Task requirements —
Write out all the records exactly, and keep any images out.

(Beginning of Extracted records)

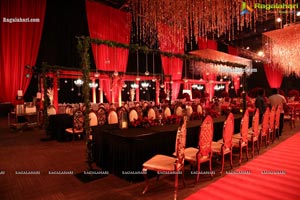 Wedding Reception of Nipun and Shriya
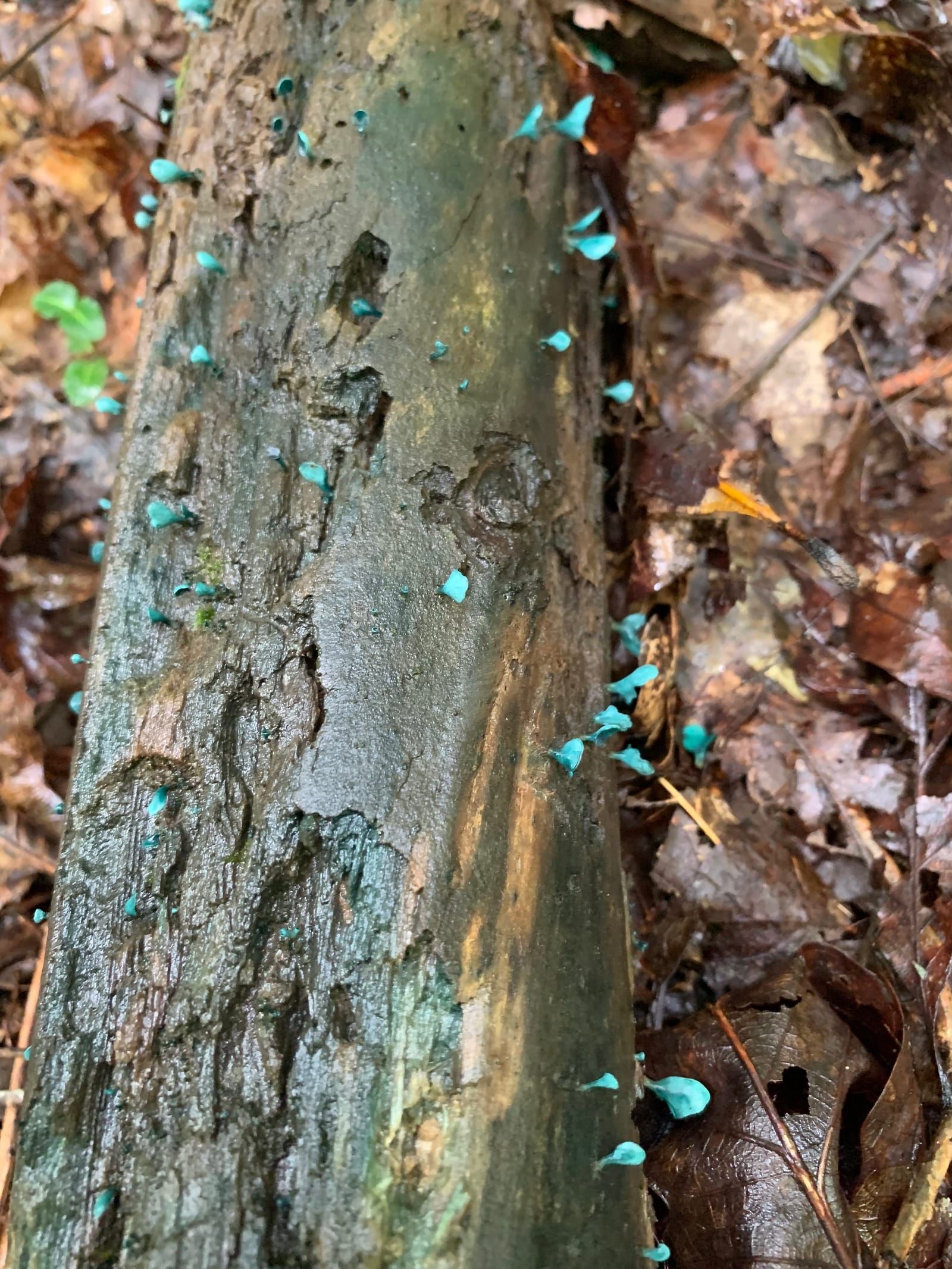 Delicate, teal colored fungus on a wet log.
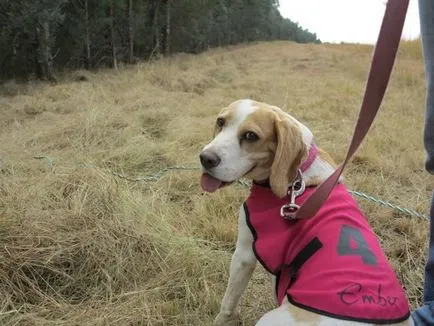 Vadászat beagle fajtájú kutya eb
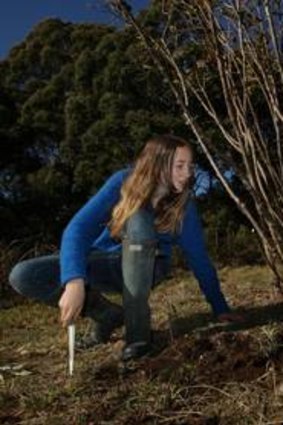 Sal the truffle dog shows Rita Marshal where the truffles are.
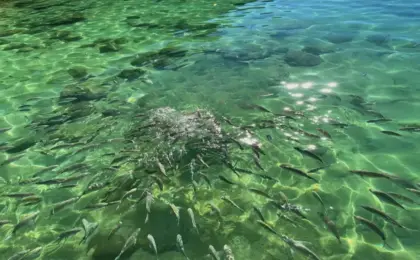 Lagoa Verde na Ilha Grande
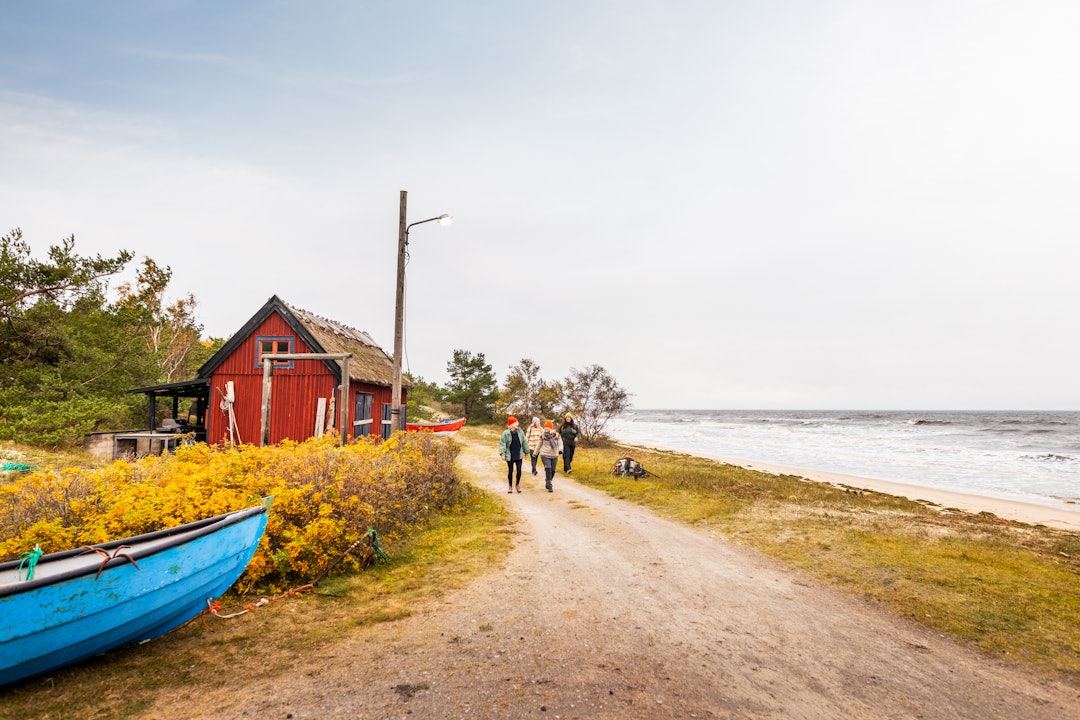 HØST VED HAVET: Skåne ligger helt sør på den skandinaviske halvøya, oog Skåne  Adam av Bremen beskrev Skåne som Danmarks rikeste, vakreste og viktigste del. Skåne har vært et område for en rekke kriger mellom Danmark og Sverige. Skåne ble erobret og innlemmet i Sverige i perioden 1658-1720. Foto: Apeloga skåne høst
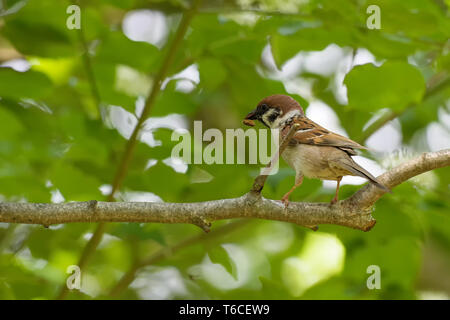 Eurasian tree sparrow Stock Photo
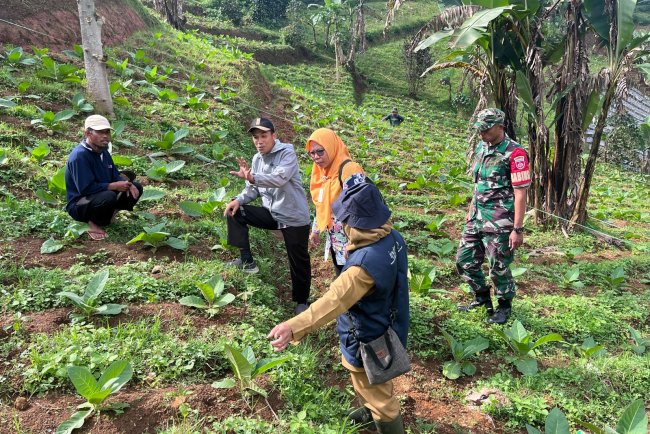 Babinsa Dampingi PPL  Monitoring dan Evaluasi Monev Kelompok Petani Tembakau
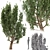 European Black Alder: Classic European Tree 3D model small image 1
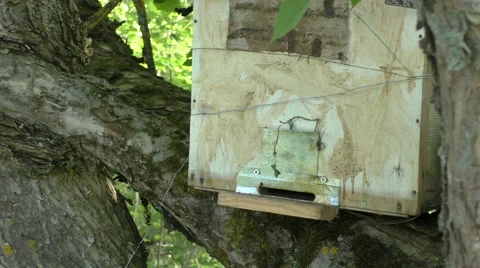 Beeswarm in the forest Stock Footage 51172516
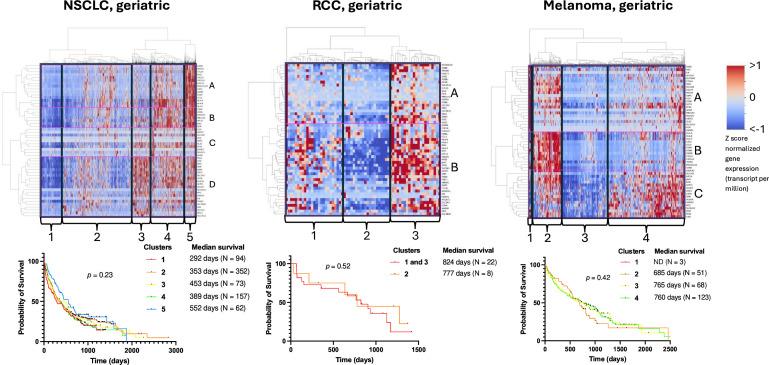 https://cdn.ncbi.nlm.nih.gov/pmc/blobs/bf51/11751915/5a2e23e0b583/bmjonc-4-1-g006.jpg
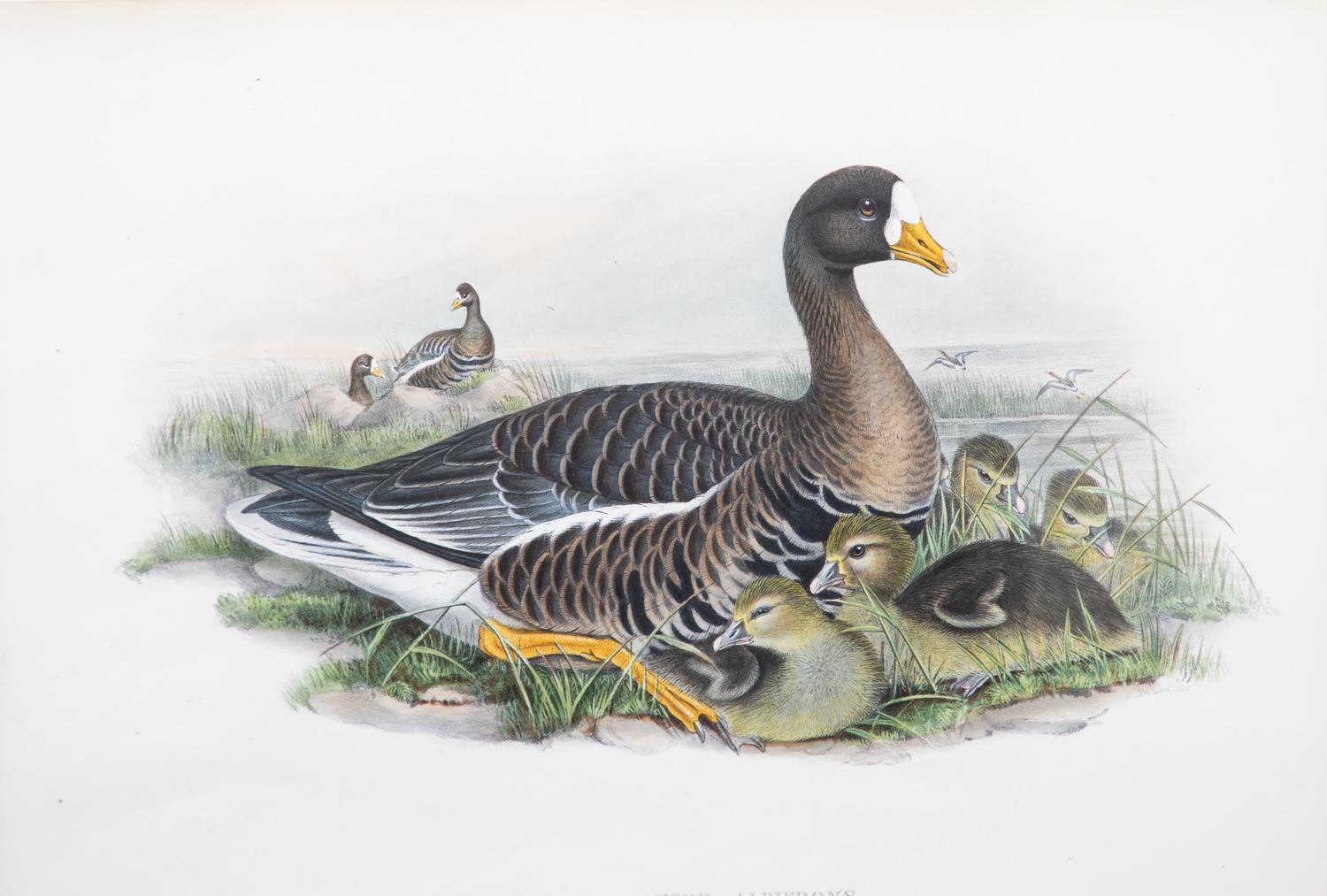 Six Framed Ornithological Color Engravings Image area 13 1/2 x 19 5/8 inches. — 19TH CENTURY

(End of Extracted records)

Written response —
 Wedding Reception of Nipun and Shriya
 Delicate, teal colored fungus on a wet log.
 Vadászat beagle fajtájú kutya eb
 Sal the truffle dog shows Rita Marshal where the truffles are.
 Lagoa Verde na Ilha Grande
 HØST VED HAVET: Skåne ligger helt sør på den skandinaviske halvøya, oog Skåne  Adam av Bremen beskrev Skåne som Danmarks rikeste, vakreste og viktigste del. Skåne har vært et område for en rekke kriger mellom Danmark og Sverige. Skåne ble erobret og innlemmet i Sverige i perioden 1658-1720. Foto: Apeloga skåne høst
 Eurasian tree sparrow Stock Photo
 Babinsa Dampingi PPL  Monitoring dan Evaluasi Monev Kelompok Petani Tembakau
 European Black Alder: Classic European Tree 3D model small image 1
 Beeswarm in the forest Stock Footage 51172516
 https://cdn.ncbi.nlm.nih.gov/pmc/blobs/bf51/11751915/5a2e23e0b583/bmjonc-4-1-g006.jpg
 Six Framed Ornithological Color Engravings Image area 13 1/2 x 19 5/8 inches. — 19TH CENTURY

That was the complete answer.